Excerpts from a dataset >>
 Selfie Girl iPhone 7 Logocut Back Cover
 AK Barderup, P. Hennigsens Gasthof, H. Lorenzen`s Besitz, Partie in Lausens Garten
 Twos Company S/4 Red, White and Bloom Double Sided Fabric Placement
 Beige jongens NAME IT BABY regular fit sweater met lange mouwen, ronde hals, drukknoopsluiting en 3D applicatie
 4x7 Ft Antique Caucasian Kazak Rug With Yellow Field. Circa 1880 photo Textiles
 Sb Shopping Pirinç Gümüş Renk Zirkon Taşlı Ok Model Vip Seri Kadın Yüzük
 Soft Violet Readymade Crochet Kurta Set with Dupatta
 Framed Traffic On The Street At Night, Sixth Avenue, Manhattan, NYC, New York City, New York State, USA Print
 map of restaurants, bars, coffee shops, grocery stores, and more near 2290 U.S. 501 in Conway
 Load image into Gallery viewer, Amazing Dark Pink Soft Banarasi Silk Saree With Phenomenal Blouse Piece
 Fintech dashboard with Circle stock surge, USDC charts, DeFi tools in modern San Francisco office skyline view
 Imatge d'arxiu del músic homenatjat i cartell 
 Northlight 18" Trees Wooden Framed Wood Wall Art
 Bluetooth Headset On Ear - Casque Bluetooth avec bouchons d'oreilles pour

YOUR INSTRUCTIONS >> Begin with the first line of the data above and, please, print each line exactly until you have printed the line containing "Beige jongens NAME"; print nothing else.

ANSWER FOR THIS EXERCISE >>
 Selfie Girl iPhone 7 Logocut Back Cover
 AK Barderup, P. Hennigsens Gasthof, H. Lorenzen`s Besitz, Partie in Lausens Garten
 Twos Company S/4 Red, White and Bloom Double Sided Fabric Placement
 Beige jongens NAME IT BABY regular fit sweater met lange mouwen, ronde hals, drukknoopsluiting en 3D applicatie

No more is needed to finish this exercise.